For the Ring opera, it helps that Rheingold is short and Die Walkure is highly exciting, culminating in a third act that opens with the Ride and proceeds to Wotan's Farewell and Fire Music. The fourth and final opera, Goetterdaemerung (literally translated as "getting darker of the gods") also has some memorable music, with Siegfried's Rhine Journey and his death procession and the marvelous redemption-themed music for Brunnhilde as the cycle comes to its rousing finale (the stage directions call for Valhalla to crumble and the Rhine to overflow its banks--nice easy matters to include in a production). Siegfried, the third of the operas, is the problem one.  It's very long--running yesterday from shortly past noon until after 5 PM--sometimes it even runs longer.  The music does not have the memorable parts mentioned for the other operas.

Yesterday, however, it came brilliantly to life.  The Wagnerian tenor was the cover who rsoe to stardom, Jay Hunter Morris, and he benfitted from playing the first act opposite the veteran Gerhard Siegel as Mime, the evil dwarf.  The two of them made the opera come alive, culminating in the end-of-act Forging Song, when Siegfried remakes his father's famous weapon. In the second act, the new Siegfried had the wonderful Eric Owens making a brief appearance as the most evil of the dwarves, Alberich, and then the encounter with Fafner, the giant turned dragon.  It was satisfying to see him appear as a true dragon rather than the rather abstractly-formed creature he has been designed to appear as in past Met productions.

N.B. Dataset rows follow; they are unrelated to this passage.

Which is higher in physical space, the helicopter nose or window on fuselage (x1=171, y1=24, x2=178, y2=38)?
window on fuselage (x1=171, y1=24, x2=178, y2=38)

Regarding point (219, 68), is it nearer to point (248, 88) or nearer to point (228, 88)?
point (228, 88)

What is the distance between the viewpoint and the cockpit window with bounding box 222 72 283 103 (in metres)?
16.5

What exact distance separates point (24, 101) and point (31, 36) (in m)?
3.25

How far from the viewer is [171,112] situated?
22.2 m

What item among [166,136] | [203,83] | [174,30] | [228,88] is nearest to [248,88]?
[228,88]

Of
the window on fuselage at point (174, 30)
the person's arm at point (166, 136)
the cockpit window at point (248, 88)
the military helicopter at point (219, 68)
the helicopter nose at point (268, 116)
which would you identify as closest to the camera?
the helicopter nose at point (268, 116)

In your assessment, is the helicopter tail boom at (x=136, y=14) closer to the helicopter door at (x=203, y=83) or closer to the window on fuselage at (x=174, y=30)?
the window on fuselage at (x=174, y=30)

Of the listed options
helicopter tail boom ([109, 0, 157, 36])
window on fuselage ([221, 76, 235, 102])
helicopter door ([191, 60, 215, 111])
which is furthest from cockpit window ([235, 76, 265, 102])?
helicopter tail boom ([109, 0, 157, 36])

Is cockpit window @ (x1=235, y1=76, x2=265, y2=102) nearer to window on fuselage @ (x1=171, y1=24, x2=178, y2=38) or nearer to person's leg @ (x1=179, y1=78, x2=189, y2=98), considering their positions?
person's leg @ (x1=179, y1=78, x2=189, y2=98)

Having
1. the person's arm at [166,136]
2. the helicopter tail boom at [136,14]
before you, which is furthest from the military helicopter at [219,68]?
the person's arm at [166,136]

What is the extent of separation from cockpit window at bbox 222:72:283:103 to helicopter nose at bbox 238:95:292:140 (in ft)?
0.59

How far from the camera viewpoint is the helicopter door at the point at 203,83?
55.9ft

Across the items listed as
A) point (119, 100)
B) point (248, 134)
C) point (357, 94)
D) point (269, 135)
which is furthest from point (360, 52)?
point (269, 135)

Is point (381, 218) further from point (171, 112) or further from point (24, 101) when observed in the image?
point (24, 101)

On to Act III, when Wotan, the central character of the first two operas and much of this one, finally bows out after realizing that he has been unable to fulfill his own goal of preserving the gods and the world as he knows it. I thought I knew the Ring pretty well but I learned from his encounter with Erda the earth goddess that she had consorted with him to produce Brunnhilde. And then Siegfried finally encounters Wotan in the latter's last appearance and shatters Wotan's mighty spear just as it had broken Siegfried's father, Siegmund's sword in the great fight in Die Walkure.

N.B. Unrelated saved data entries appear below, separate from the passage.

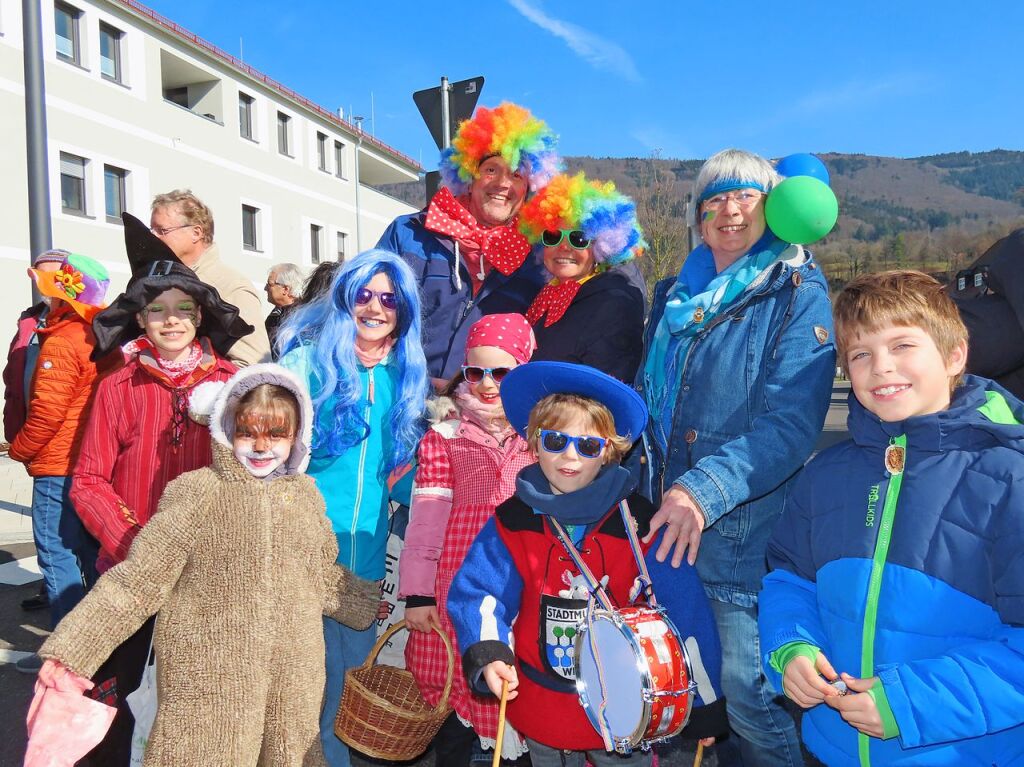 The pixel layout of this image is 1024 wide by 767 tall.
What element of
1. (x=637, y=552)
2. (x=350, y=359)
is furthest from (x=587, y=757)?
(x=350, y=359)

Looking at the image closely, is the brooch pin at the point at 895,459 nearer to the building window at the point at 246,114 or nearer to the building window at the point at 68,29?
the building window at the point at 68,29

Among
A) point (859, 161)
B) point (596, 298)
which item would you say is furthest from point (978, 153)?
point (596, 298)

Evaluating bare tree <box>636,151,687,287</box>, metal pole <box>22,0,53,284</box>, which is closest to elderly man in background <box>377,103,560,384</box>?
metal pole <box>22,0,53,284</box>

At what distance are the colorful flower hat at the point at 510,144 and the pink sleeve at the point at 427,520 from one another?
1.64 m

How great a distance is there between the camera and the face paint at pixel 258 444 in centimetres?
254

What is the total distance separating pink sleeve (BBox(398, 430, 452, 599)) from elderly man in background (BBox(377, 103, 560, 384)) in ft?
2.06

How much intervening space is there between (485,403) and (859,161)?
208m

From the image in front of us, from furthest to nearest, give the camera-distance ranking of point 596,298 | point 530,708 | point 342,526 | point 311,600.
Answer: point 596,298 → point 342,526 → point 311,600 → point 530,708


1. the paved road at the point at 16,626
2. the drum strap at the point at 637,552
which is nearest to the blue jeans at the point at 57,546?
the paved road at the point at 16,626

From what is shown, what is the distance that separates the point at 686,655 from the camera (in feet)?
6.58

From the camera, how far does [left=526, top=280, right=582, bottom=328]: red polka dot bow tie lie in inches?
131

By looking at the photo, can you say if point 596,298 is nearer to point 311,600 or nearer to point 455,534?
point 455,534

Yes, more plot than you're looking to know. But the music always is the mightiest force on stage and of course, we finally return to the rock where Brunnhilde was left at the end of Walkure and get to hear tenor and soprano engage in the most wonderful love music since maybe Tristan und Isolde.  The Met broadcasts feature interviews with the principal cast members, which added to the experience immeasurably. I even got a kick out of the Forest Bird, represented by a three-dimensional figure and sung by an offstage soprano, which warns Siegfried of all the dangers posed by the dwarves and dragons roaming the set. On Sir Georg Solti's wonderful first complete recording of The Ring, one of the lagniappes was hearing Joan Sutherland sing the Forest Bird, sort of like Pavarotti doing the Italian Tenor in R. Strauss's Der Rosenkavalier.

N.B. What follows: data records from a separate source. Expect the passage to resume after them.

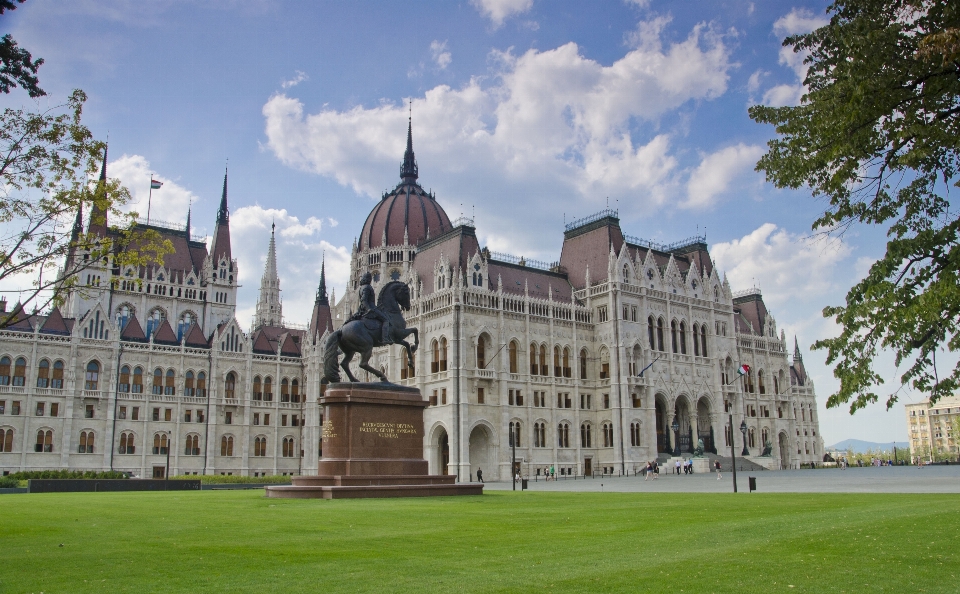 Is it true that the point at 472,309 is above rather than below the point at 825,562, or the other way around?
above

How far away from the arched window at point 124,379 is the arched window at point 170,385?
146 inches

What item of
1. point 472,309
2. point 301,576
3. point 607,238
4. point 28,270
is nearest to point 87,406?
point 472,309

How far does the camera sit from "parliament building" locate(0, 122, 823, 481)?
242 feet

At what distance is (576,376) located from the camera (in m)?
78.4

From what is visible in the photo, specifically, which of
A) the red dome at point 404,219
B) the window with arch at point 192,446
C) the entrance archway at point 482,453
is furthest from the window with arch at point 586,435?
the window with arch at point 192,446

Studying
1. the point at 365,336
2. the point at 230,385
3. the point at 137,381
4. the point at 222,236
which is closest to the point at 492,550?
the point at 365,336

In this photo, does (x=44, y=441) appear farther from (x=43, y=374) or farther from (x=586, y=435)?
(x=586, y=435)

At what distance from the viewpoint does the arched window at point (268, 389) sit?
91.4 metres

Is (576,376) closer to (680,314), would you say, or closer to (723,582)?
(680,314)

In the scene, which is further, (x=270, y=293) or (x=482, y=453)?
(x=270, y=293)

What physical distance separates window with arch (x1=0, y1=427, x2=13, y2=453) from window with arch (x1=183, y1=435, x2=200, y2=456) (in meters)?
15.8

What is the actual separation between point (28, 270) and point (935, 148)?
20896 millimetres

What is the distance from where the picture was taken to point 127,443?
80.6 metres

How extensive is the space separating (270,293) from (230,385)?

The most marvelous result of this long afternoon's experience was to recognize the greatness of Siegfried, an opera often overshadowed by the others in the series. Partly this was due to the immediacy you get from the closeups of the theater broadcastand the quick understanding you get from the sub-titles.  Those together make it possible to savor the richness of Wagner's music and wonder as always how he did it (especially given his own miserable personality, as to which, see Deems Taylor's little masterpiece of an essay, The Monster.)